The site rarely appears on the standard two-dive morning rotation. Most operators default to the big-name west coast sites (White Rock, Japanese Gardens, the Nang Yuan trio) because they are closer to Mae Haad pier and easier to sell to Open Water students. Laem Thian requires a longer boat ride around the island's southern tip or a shuttle from Hin Wong Bay, and that extra 15 minutes of transit time is enough to keep it off the regular schedule. Their loss. The divers who make it here find a site with better topography than half the island's marquee spots and a fraction of the boat traffic.
What separates Laem Thian from Koh Tao's other east coast sites is the vertical dimension. Tanote Bay and Aow Leuk are essentially sloping boulder fields with interesting bits scattered across a gradual incline. Laem Thian's granite has stacked differently. Boulders the size of shipping containers lean against each other at odd angles, leaving gaps wide enough to swim through and caverns tall enough to hover inside with your torch aimed at the ceiling. Where sunlight penetrates the openings, it breaks into shafts that sweep across the rock as the surface chop shifts overhead. On a clear day in the caves section, the light alone is worth the trip.
The bay portion is gentler altogether. Hard corals coat the boulder surfaces from about 3 metres down to the sandy bottom at 12 to 14 metres. Branching Acropora and brain corals dominate here, with enough coverage that the reef looks genuinely healthy rather than patchy. This section works well for newly certified divers and snorkellers who want to see reef without the current exposure of the offshore pinnacles.

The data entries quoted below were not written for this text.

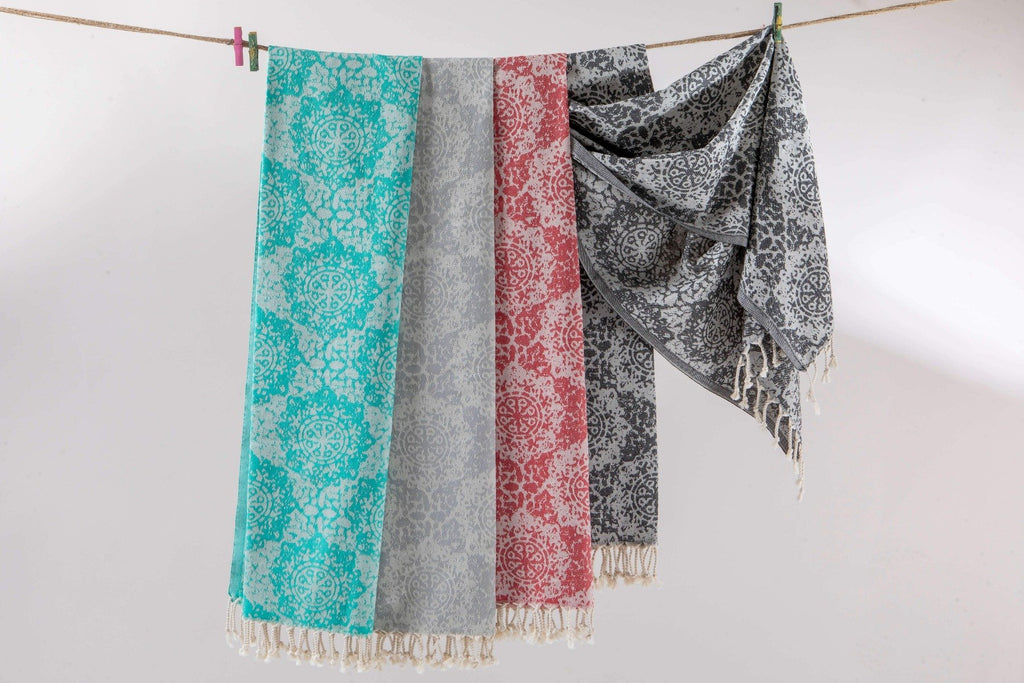 Chain Collection Beach Towels - Hencely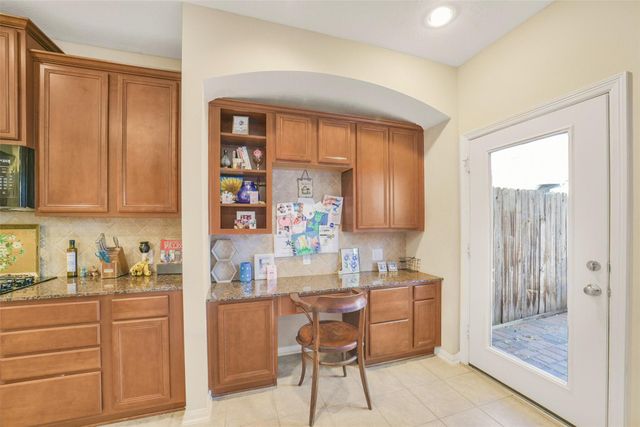 17707 Skyline Arbor, Houston, TX 77094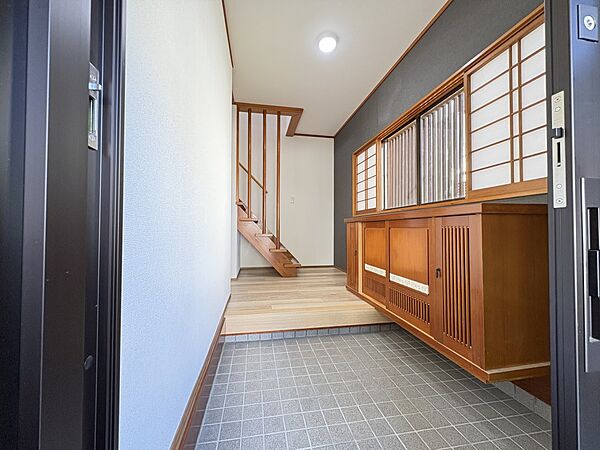 【玄関】趣きのある玄関。収納付きで玄関周りもすっきり※リフォーム後写真（2026年6月撮影）
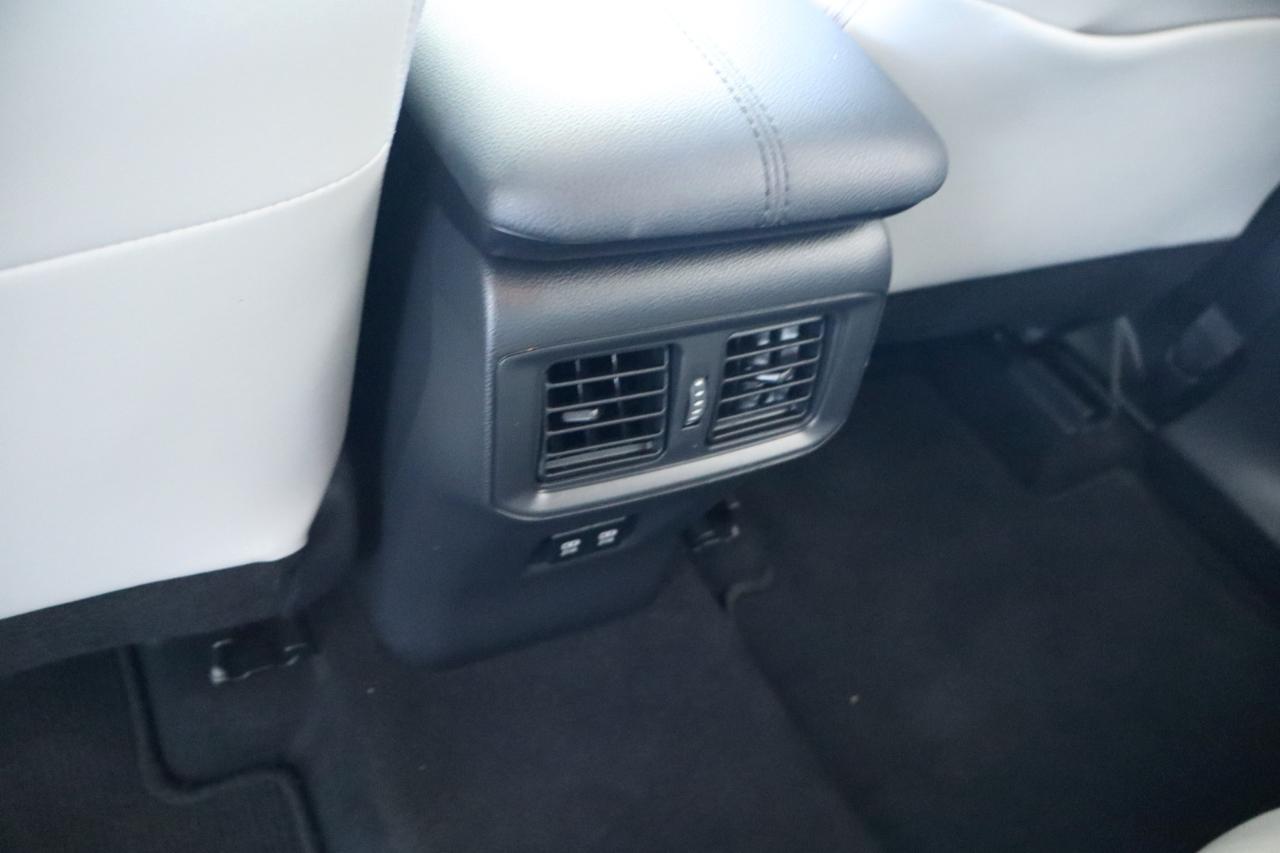 Toyota RAV4 XLE Premium FWD (Natl) 2021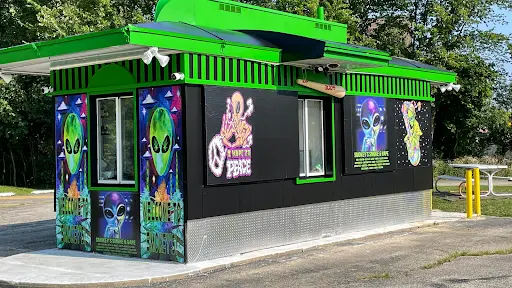 SMOKEY'S VAPE N SMOKE SHOP DRIVE THRU Delta 8-10-thco-hhc-CBD  dispensary-disposable vapes-hookah-kratom-glass-cigarettes | Vape Shop in  Waukegan, Illinois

Depths span a wider range than most Koh Tao sites. The bay section tops out at 14 metres, but the caves and outer boulders drop to 18 to 22 metres where the granite meets the sand. Advanced divers can push into the deeper swimthroughs at the base of the cape, where the rock formations are at their most dramatic and the resident groupers are at their largest. The depth profile gives instructors a natural multi-level route: deep caves first, then a gradual ascent through the boulders and into the shallow bay for a long safety stop among the coral gardens.
Marine Life at Laem Thian
Giant groupers are the signature residents. The caves at Laem Thian provide exactly the kind of overhead structure that large groupers favour, and several individuals well over a metre in length have been regulars here for years. They tend to sit motionless in the darker recesses of the swimthroughs, blending with the granite until a torch beam picks out their mottled pattern. Approach slowly and they hold position. Rush in and they vanish into the depths of the cavern with a single powerful tail beat.

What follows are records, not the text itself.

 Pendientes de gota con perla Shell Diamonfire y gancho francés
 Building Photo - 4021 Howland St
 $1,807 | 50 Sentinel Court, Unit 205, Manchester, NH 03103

Green sea turtles appear frequently, particularly in the bay section where algae growth on the shallower boulders provides reliable grazing. Hawksbill turtles turn up less often but regularly enough that guides mention them in the briefing. The turtles at Laem Thian tend to be less habituated to divers than those at busier sites like Tanote Bay, which means they spook more easily but also means the encounters feel more genuinely wild.
Bumphead parrotfish make occasional appearances at the outer edge of the cape. This is one of very few sites around Koh Tao where they show up at all, and a sighting still generates real excitement among the guides. The fish travel in small groups of three to five individuals, their distinctive bulbous foreheads and grey-green bodies unmistakable even from distance. When they are feeding on coral, the crunching is audible from several metres away.

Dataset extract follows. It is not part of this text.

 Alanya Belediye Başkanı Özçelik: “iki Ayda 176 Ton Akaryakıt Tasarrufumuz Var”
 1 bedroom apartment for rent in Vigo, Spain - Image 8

Schools of blue and gold fusiliers stream through the mid-water around the cape, particularly when gentle current brings nutrients from deeper water. Trevally patrol the same zone, occasionally darting into the fusilier schools in hunting runs that scatter the smaller fish in all directions. Yellowtail barracuda circle in loose formations near the surface, silhouetted against the light when viewed from below.
The boulder surfaces host a solid population of macro subjects. Multiple species of Chromodoris nudibranchs occupy the rock faces, their vivid colouring a natural contrast against the grey granite. Banded coral shrimp sit in crevices with their antennae waving in the slight current. Blue-spotted stingrays rest on sandy patches between boulders, often partially buried and easy to miss without a guide pointing them out.
Moray eels occupy holes throughout both sections of the site. Giant morays and white-eyed morays are the most common species, their heads protruding from gaps in the rock as they breathe with their characteristic open-mouthed gape. The deeper caves shelter a few larger specimens that have clearly been in residence for a long time.
Titan triggerfish nest in the sandy patches between boulders from roughly May to August. They are territorial during nesting season and will charge divers who stray too close. The standard avoidance technique applies: swim laterally rather than upward, since their territory is cone-shaped above the nest.
At night, the caves section transforms completely. Octopuses emerge to hunt across the rock surfaces, their colour changes visible in torchlight. Crabs of several species pick their way along the boulder faces. Sleeping parrotfish sit in their mucus cocoons among the coral, motionless and surreal-looking in the torch beam. Bioluminescence appears in the water column on moonless nights, sparking green-blue with every fin kick.
Dive Conditions
The two sections of Laem Thian offer distinctly different conditions, which is part of what makes the site work for mixed-ability groups.
The bay sits in a natural shelter created by the headland itself. Current inside the bay rarely amounts to more than a gentle drift, even when the offshore sites are running hard. On most days, the water in the bay is essentially still. This makes it one of the calmest dive environments on Koh Tao's east coast, comparable to Mango Bay for ease of diving.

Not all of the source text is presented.